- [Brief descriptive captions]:
#####

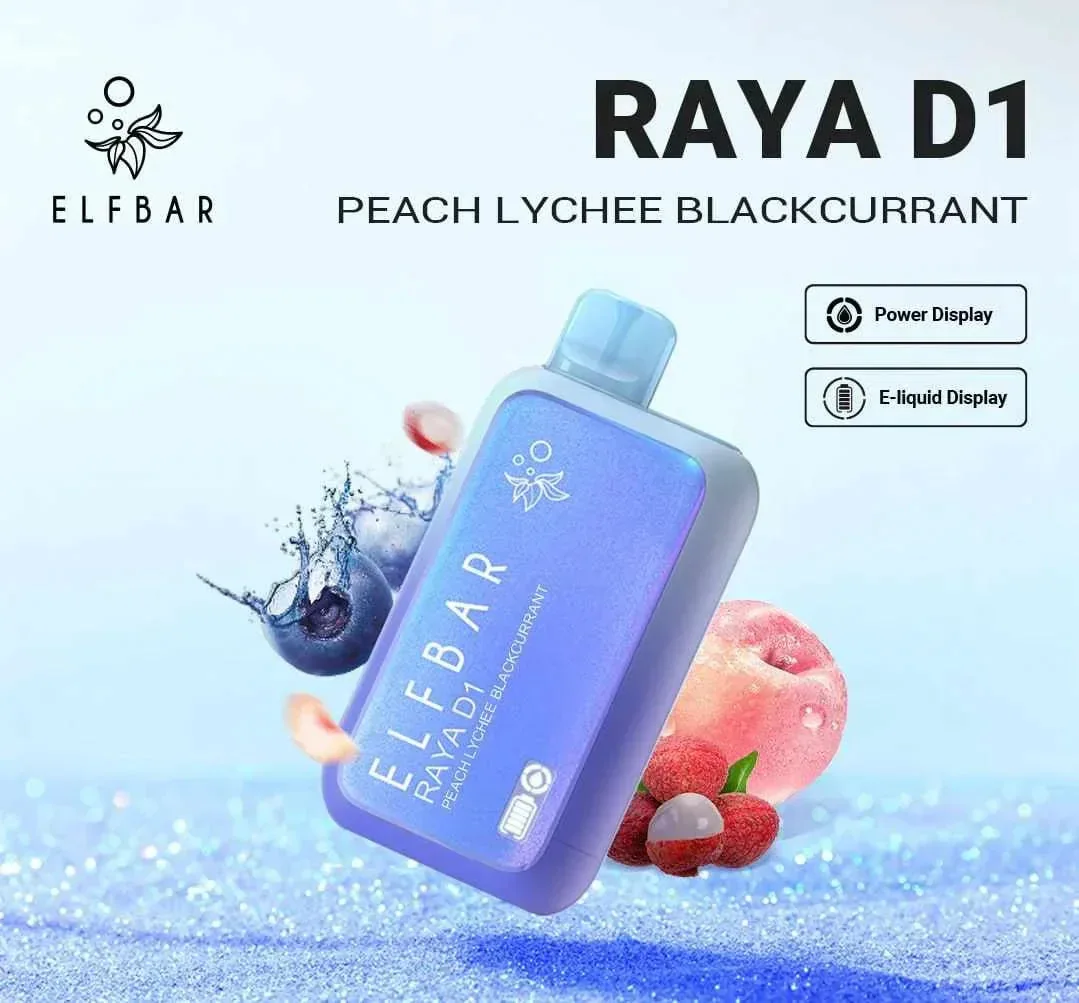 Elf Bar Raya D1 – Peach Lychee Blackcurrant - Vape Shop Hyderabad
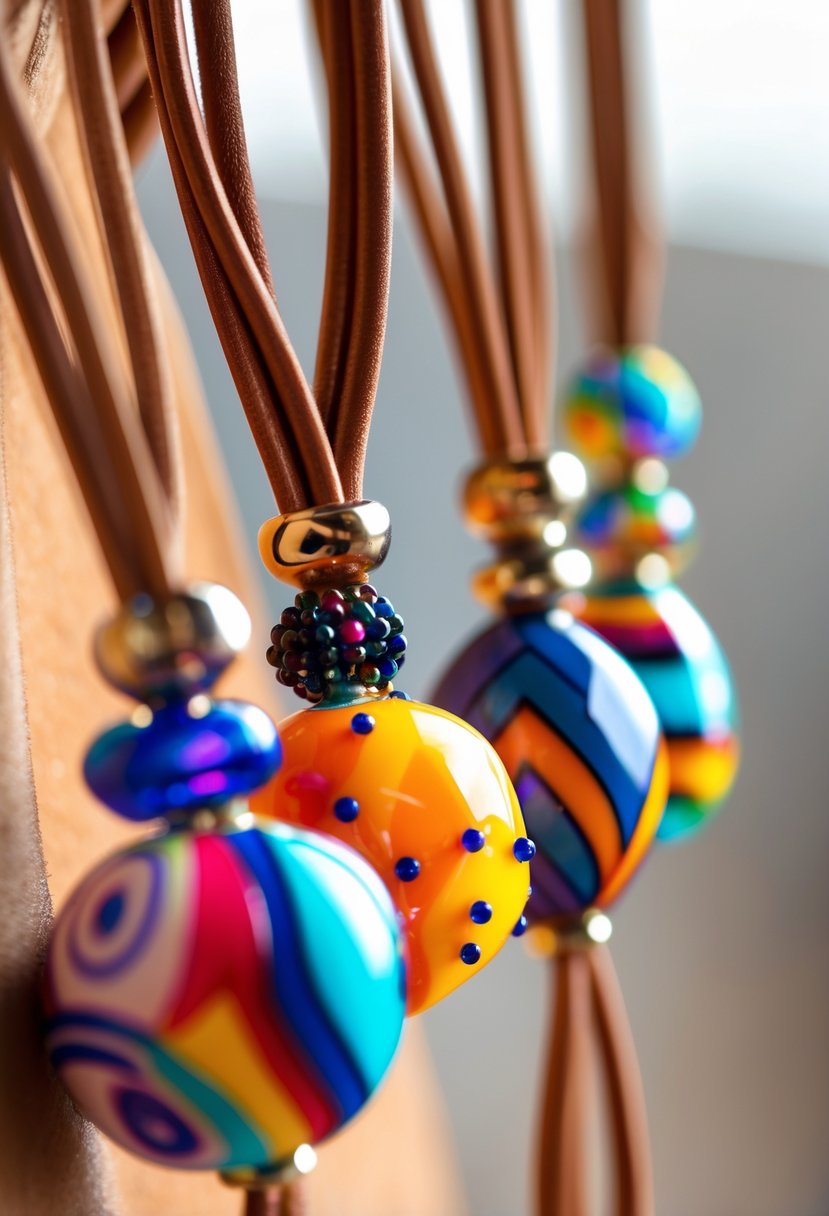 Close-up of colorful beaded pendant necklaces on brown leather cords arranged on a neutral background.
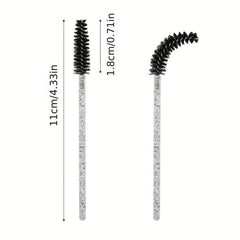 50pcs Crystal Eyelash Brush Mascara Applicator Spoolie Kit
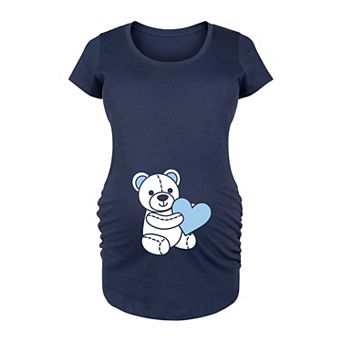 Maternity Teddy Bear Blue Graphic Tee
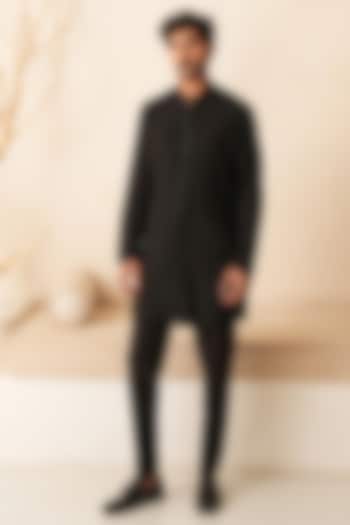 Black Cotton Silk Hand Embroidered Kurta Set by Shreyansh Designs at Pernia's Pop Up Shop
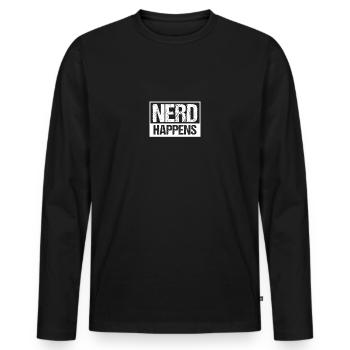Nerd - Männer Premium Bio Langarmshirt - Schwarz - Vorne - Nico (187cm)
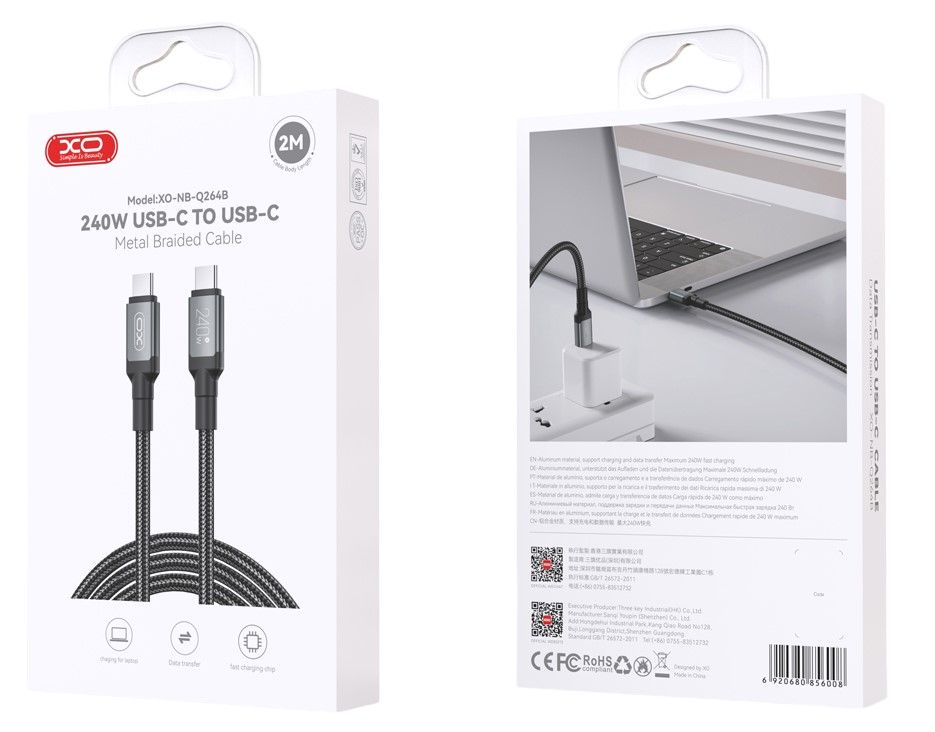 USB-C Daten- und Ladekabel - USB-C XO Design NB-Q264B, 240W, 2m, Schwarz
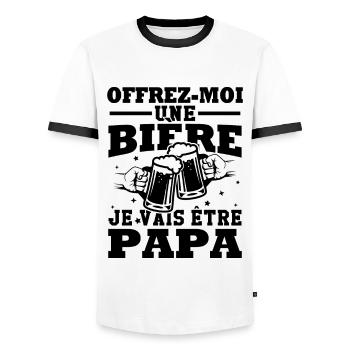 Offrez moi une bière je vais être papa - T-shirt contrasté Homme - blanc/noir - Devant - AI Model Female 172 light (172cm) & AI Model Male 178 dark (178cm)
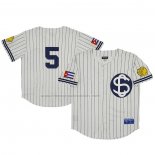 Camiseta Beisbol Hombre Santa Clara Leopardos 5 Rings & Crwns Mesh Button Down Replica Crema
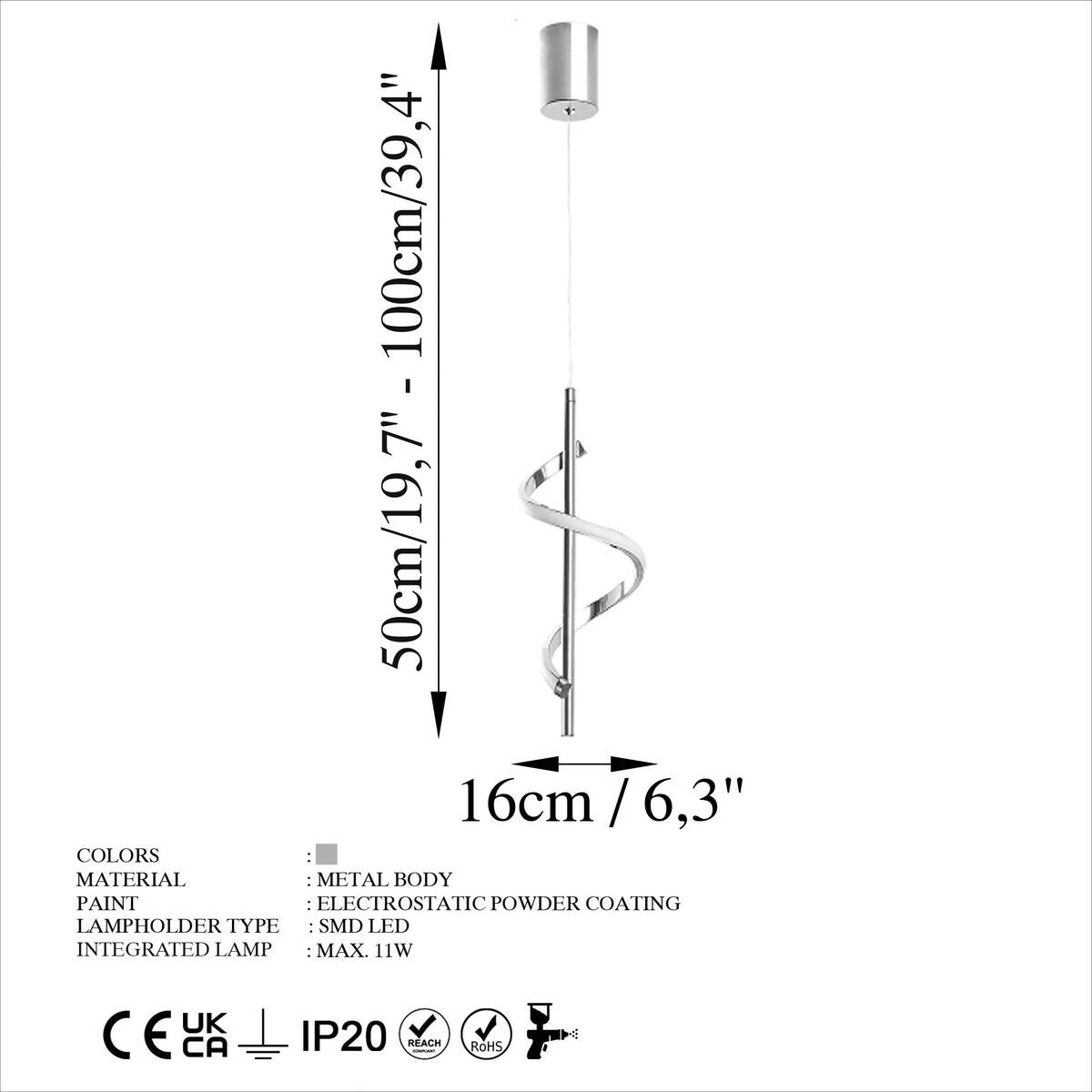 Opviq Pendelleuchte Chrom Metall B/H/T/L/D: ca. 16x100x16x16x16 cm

#####

- [Task description]:
Starting at the line above that holds "Nerd - Männer", repeat every line exactly down to and including the line that holds "USB-C Daten- und", then stop. Do not carry over any pictures.

- [Task output]:
Nerd - Männer Premium Bio Langarmshirt - Schwarz - Vorne - Nico (187cm)
 USB-C Daten- und Ladekabel - USB-C XO Design NB-Q264B, 240W, 2m, Schwarz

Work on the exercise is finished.